Archives

Ernst Ludwig Kirchner Archive

The Ernst Ludwig Kirchner Archive on the complete works is based on the first beginnings of Roman Norbert Ketterer and Wenzel Nachbaur in the 1950s in the Stuttgart Kunstkabinett and was expanded from 1980 by Ingeborg Henze-Ketterer and Dr. Wolfgang Henze into a documentation of all information on all of Kirchner's works, including the associated literature.

The archive corresponds worldwide with museums, art scholars, art critics and the art trade and promotes exhibitions and publications on Kirchner. It assesses questions of the authenticity of his works.

Archive Stuttgart Art Cabinet Roman Norbert Ketterer

The archive Stuttgart Kunstkabinett Roman Norbert Ketterer comprises all preserved documents on the activities of the Kunstkabinett in Stuttgart from 1946 to 1962 and the Galerie Roman Norbert Ketterer in Campione d'Italia from 1962 to 1988.
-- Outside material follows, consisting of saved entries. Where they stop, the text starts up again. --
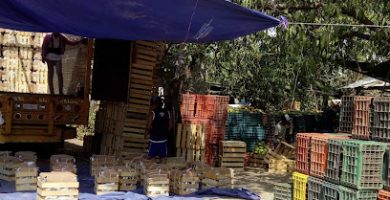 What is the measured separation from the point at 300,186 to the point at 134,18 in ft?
11.8

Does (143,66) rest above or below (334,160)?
above

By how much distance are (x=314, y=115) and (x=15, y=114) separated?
30.4 feet

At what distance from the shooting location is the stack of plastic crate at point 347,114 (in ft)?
27.2

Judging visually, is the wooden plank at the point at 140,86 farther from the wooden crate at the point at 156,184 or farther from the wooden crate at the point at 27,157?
the wooden crate at the point at 156,184

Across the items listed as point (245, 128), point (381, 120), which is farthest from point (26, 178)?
point (245, 128)

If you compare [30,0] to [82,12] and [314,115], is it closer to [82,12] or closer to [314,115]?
[82,12]

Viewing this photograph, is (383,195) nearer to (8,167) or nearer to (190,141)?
(8,167)

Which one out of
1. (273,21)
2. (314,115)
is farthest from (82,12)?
(314,115)

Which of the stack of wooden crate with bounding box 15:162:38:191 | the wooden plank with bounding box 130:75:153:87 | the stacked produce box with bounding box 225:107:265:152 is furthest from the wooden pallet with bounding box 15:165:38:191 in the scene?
the stacked produce box with bounding box 225:107:265:152

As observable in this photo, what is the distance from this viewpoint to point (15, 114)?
1125cm

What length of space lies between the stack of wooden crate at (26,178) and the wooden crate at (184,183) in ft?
7.30

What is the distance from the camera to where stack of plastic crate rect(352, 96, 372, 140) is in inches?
293

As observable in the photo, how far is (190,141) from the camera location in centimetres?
1290

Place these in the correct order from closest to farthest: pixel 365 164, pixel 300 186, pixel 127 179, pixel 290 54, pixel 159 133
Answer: pixel 365 164 → pixel 300 186 → pixel 127 179 → pixel 290 54 → pixel 159 133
During this period, Roman Norbert Ketterer brokered more than 40,000 works of art from the field of classical Modern art and in particular Expressionism, which were thus returned to museums or to new private collections from 1946 onwards as "degenerate art" from before 1945, either from hiding or from abroad. This archive is therefore one of the key sources for provenance research in this particularly critical area of art.

Eduard Bargheer Archive

Eduard Bargheer (1901-1979) came from the Hamburg Secession of the 1920s and belonged to the group of German artists and intellectuals who, astonishingly, withdrew to Italy from 1933 onwards - harassed in various ways by National Socialism - to a "refuge on revocation". Bargheer lived on Ischia and there consistently continued to create his painting between "abstraction and empathy".
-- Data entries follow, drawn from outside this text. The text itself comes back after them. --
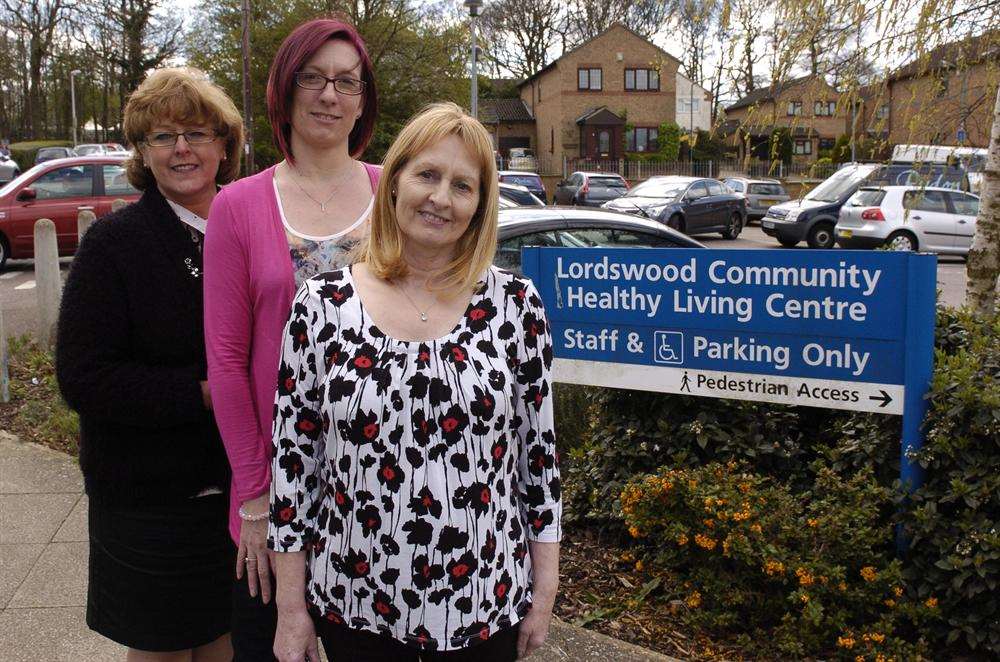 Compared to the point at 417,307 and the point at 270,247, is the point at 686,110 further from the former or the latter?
the point at 417,307

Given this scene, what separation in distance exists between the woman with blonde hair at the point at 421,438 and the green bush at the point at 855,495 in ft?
5.55

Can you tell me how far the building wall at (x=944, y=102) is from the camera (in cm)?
498

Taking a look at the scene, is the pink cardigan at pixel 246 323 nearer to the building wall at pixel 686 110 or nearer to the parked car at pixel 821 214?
the parked car at pixel 821 214

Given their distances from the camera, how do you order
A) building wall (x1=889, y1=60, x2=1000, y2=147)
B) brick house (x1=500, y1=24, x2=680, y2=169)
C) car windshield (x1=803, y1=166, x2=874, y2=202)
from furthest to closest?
brick house (x1=500, y1=24, x2=680, y2=169), car windshield (x1=803, y1=166, x2=874, y2=202), building wall (x1=889, y1=60, x2=1000, y2=147)

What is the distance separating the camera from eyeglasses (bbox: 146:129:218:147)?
240 cm

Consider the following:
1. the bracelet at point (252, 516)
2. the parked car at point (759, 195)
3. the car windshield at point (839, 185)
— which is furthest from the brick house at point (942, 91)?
the parked car at point (759, 195)

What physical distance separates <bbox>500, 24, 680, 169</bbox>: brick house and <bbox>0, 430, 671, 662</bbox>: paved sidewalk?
2092 inches

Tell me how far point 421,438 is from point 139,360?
88 centimetres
In the last years of his life, Dr. Wolfgang Henze compiled a documentation on his life and work, which resulted in a monograph with an index of his paintings in 1979. The Eduard Bargheer Archive works closely with the estate administrator, Dirk Justus, at the Bargheer Museum in Hamburg.

Francis Bott Archive

Francis Bott (1904 1998) is one of the latecomers to painting. He came from the politically committed left-wing vagabond scene of the 1920s, sang and painted sometimes to earn money, moved by necessity after 1933, first to Vienna and Prague, then to Paris, where he began to paint between Realism and Surrealism, was anti-fascist and organized the exhibition of the "Free Artists' League" in Paris in 1938. In 1940 he went into hiding in the Pyrenees and was able to return to Paris in 1944, where he joined the group "Abstraction-Création". Then, until 1968, he created with high consistency a hymn to the unsayable, abstraction.

Dr. Wolfgang Henze got to know him in 1977 and created a documentation on his life and work, which in 1979 resulted in a monograph with an index of his complete works, the basis for the current archive.
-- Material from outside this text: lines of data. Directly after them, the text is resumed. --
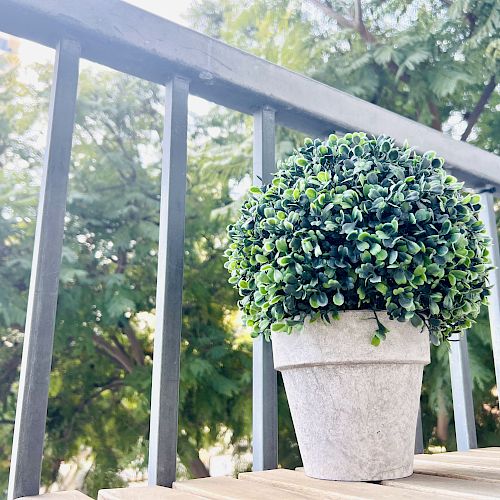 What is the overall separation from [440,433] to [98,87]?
3.29 meters

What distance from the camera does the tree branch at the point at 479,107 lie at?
3412 mm

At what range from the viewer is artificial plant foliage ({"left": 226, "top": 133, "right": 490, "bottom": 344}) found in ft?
2.13

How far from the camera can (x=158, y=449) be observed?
2.30 feet

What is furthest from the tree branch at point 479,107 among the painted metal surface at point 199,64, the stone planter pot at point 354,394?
the stone planter pot at point 354,394

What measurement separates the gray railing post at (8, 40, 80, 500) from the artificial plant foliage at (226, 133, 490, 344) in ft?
0.86

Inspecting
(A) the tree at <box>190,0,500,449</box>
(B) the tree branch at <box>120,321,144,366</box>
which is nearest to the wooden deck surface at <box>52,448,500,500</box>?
(A) the tree at <box>190,0,500,449</box>

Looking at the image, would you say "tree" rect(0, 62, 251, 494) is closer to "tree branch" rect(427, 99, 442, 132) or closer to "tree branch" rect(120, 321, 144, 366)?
"tree branch" rect(120, 321, 144, 366)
Berthold Müller-Oerlinghausen Archive

Berthold Müller-Oerlinghausen, gen. BMO (1893-1979) was a sculptor, draftsman and mosaicist. Expressive expression and religious themes became lifelong guidelines for him early on through Hans Perathoner in Bielefeld. Experiences as a soldier in World War I pushed him to convert to Catholicism with a great passion for Italy. He devoted himself to a renewal of Christian art in expressive forms. However, ethnic-minded priests destroyed his church decorations. Although he could have pleased the Nazis with his stylistic possibilities between Barlach and Etruscan sculpture, this was abhorrent to him. Like so many German artists, he retired to Lake Constance in 1940, where he led his mosaic workshop, still founded in Berlin, to great prosperity during and after the Second World War.

Dr. Wolfgang Henze met BMO as early as 1968, but did not compile documentation on his life and work until after his death. This resulted in a monograph with a list of his sculptures in 1990. Dr. Wolfgang Henze is the administrator of BMO's estate and works closely with his family in Kressbronn on Lake Constance and Berlin.

Fritz Winter Archive

Fritz Winter (1905-1976) began as a mine electrician in his hometown of Ahlen, was active in the socialist youth, began to paint and wandered through Holland and Belgium, worked underground at night, attended the Realgymnasium during the day to study medicine, his former drawing teacher advised him to apply to the Bauhaus, which was possible even without a school degree. There he studied with Klee and Kandinsky and exhibited at the Ferdinand Möller Gallery in Berlin as early as 1930. He worked with Naum Gabo in Berlin and several times with Kirchner in Davos in 1929-32.

In 1928-29 he decided on his form of "abstraction-création" from the small formats of these three artists to the abstracting two-meter paintings he saw with Kirchner in Davos, and in their very worlds of form, initially in the very dark tones of his underground world, from which bright colors burst out before and during World War II. He consistently tests the abstraction of the 20th century in long series of experiments. In 2009, the Galerie Henze & Ketterer took over the estate part of his son Florian Winter and his archive.